Conozco varias parejas que viven juntas de manera esporádica. Tal vez él es
profesor en California, y ella trabaja en Nueva York. O vive en Europa. Pero se
aman. Siguen juntos. No son infieles.
Si pensaba en Lost in Translation, es porque su directora, Sofía Coppola, trabajó
el final feliz con enorme astucia. Es obvia la atracción que siente el veterano
actor por su joven amiga. Y se trata de un amor correspondido. Cuando el actor
se acuesta con una cantante del hotel donde se hospeda, su amiga reacciona de
manera furibunda. Se siente traicionada. Es una ironía que el actor busque a la
cantante del hotel para hacer el amor. Obviamente, su intención es escapar de
su seductora amiga, y no dañar su matrimonio.
La directora tuvo el tino de no revelar hasta
los segundos postreros, ese final feliz. El protagonista se despide de su
amiga, quien luce desesperada. De repente, el actor decide sincerarse, la busca
por Tokio, y cuando la encuentra le murmura algo al oído. Nadie sabe en qué
consisten las palabras del actor.

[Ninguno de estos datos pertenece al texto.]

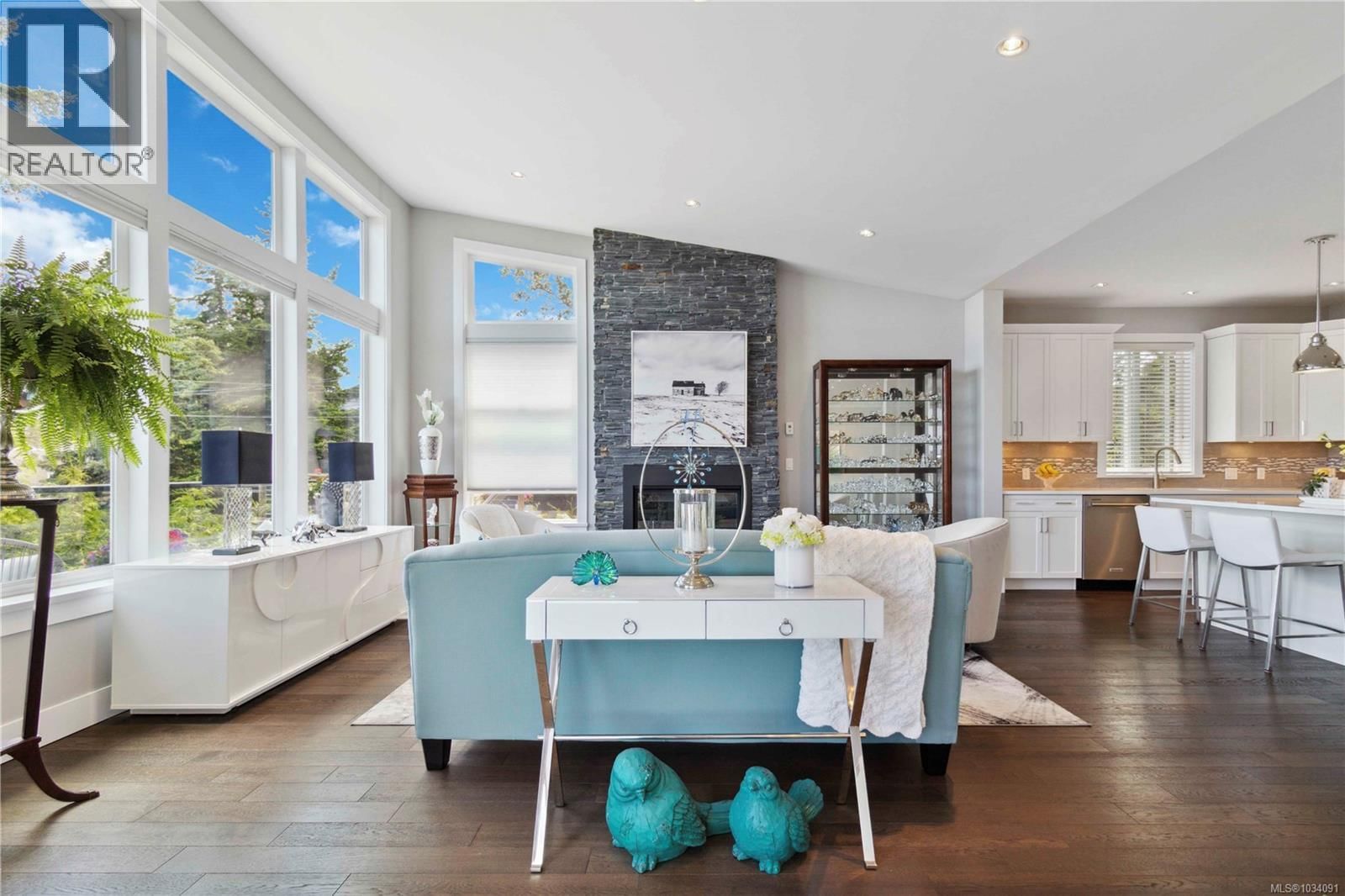 708 Demel Place property photo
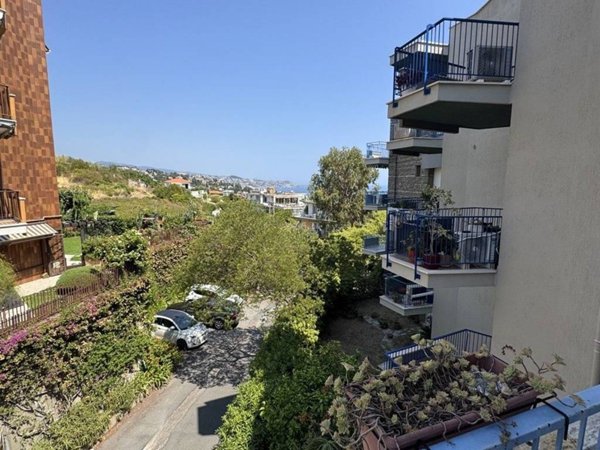 appartamento in vendita a Sanremo in zona Coldirodi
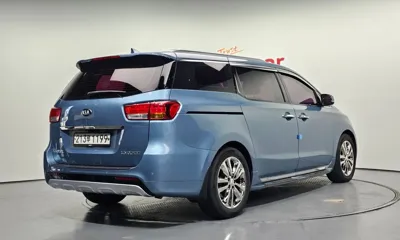 Kia Canival 2016, 132367 км, за 7615.89 USD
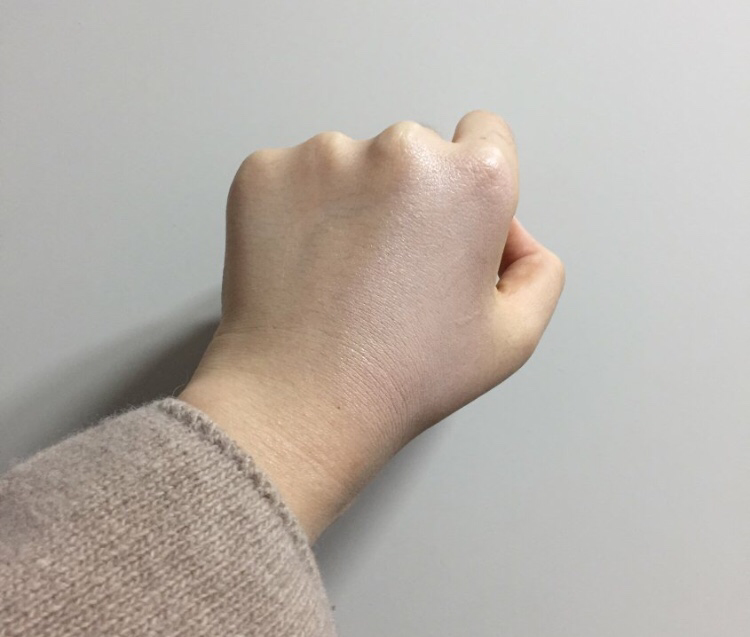 Real user review photo of Conceal Glow Cushion [No. 13 Cool Ivory]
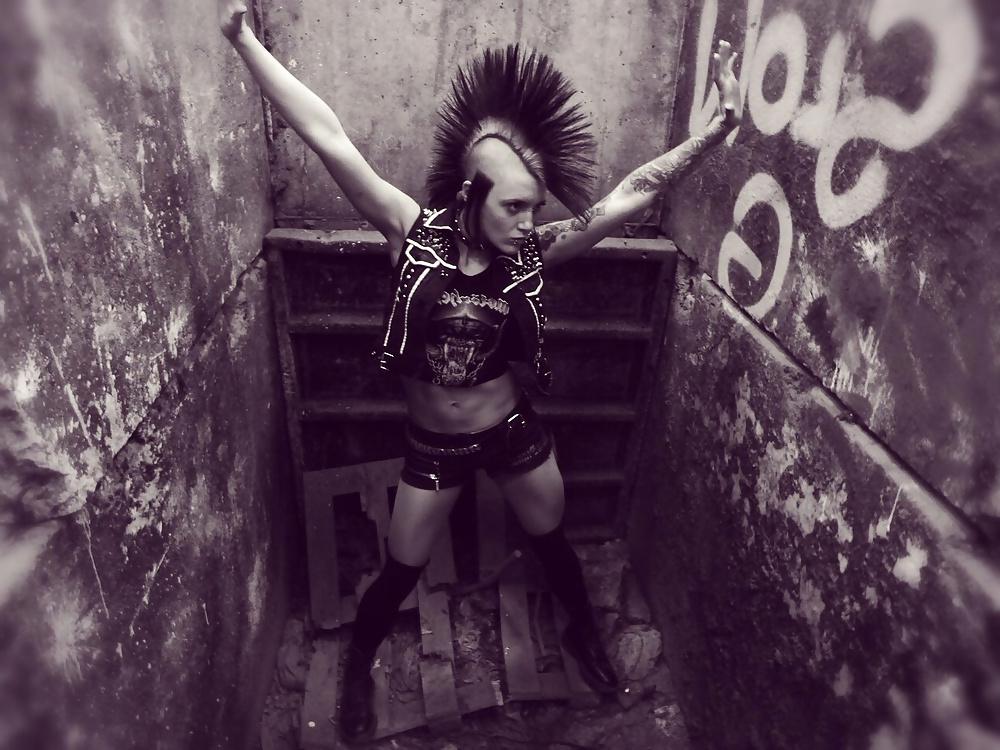 25P Russian punk girlfriend - Victoria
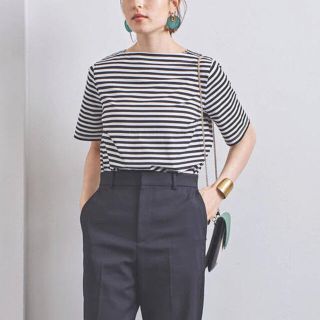 ユナイテッドアローズ(UNITED ARROWS)の美品　ユナイテッドアローズ　ボーダー　ボートネックTシャツ(Tシャツ(半袖/袖なし))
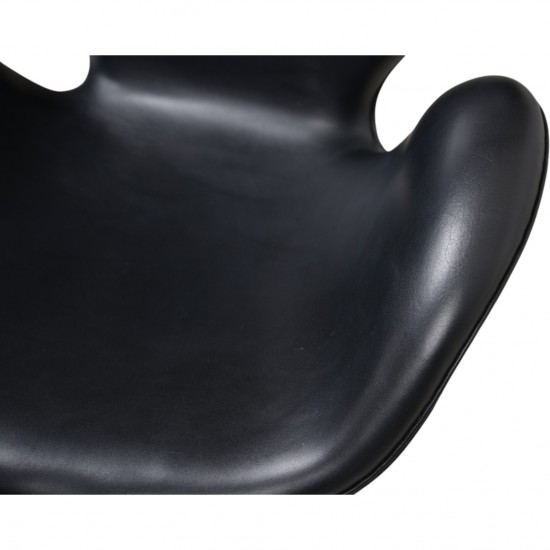 Arne Jacobsen Svane stol i sort læder 2000'erne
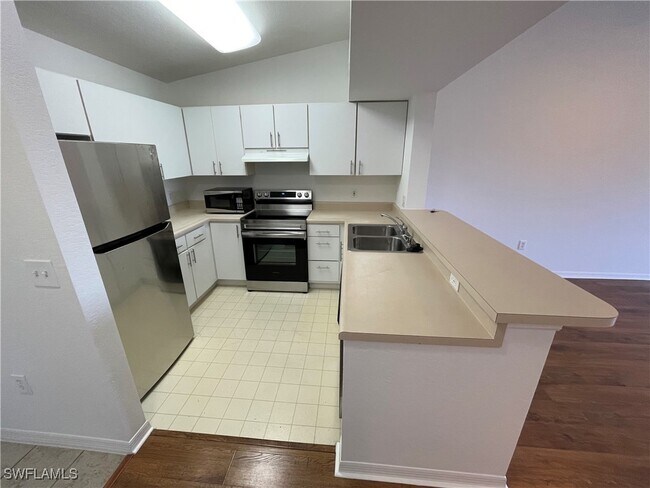 Building Photo - 8234 Key Royal Cir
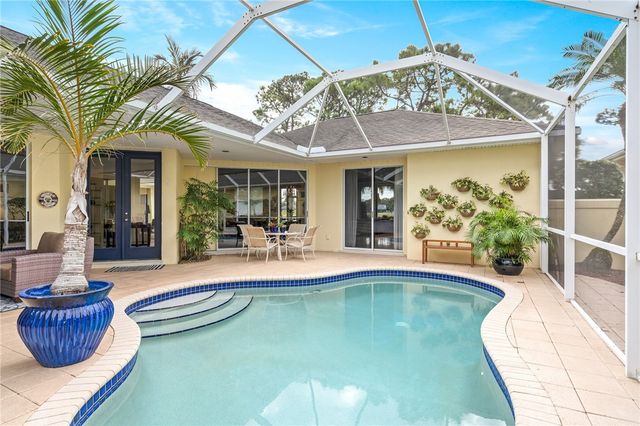 787 Hampton Woods Lane SW, Vero Beach, FL 32962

Pero basta observar el rostro de su amiga,
para advertir que marca la esperanza. Y eso es suficiente. Los finales felices
no necesitan proclamarse en voz alta.
No siempre he escrito finales felices. Pero
persisto cada vez más en ellos. Y en al menos una de mis novelas, La región vacía, la relación entre los
amantes no se consuma. Aunque sugiero que se concretará al día siguiente. Supongo
que Lost in Translation se cruzó en
mi camino para dictarme ese final.
Los amores a distancia son muy relevantes en
esta época, cuando las distancias son muy grandes, y los husos horarios,
diferentes. ¿Cuánta de nuestra comunicación es una forma equívoca de la
incomunicación? ¿Dónde termina el drama y empieza la comedia? Uno puede amar
desde cualquier distancia. El amor, en cambio, necesita el cuerpo del ser
amado. La vida, como dicen en el Libro de Job, “es una tentación prolija”. Tal vez estamos ingresando en el momento en
que el amor es reemplazado por el amar. Y esa puede ser la mejor garantía de
que será eterno.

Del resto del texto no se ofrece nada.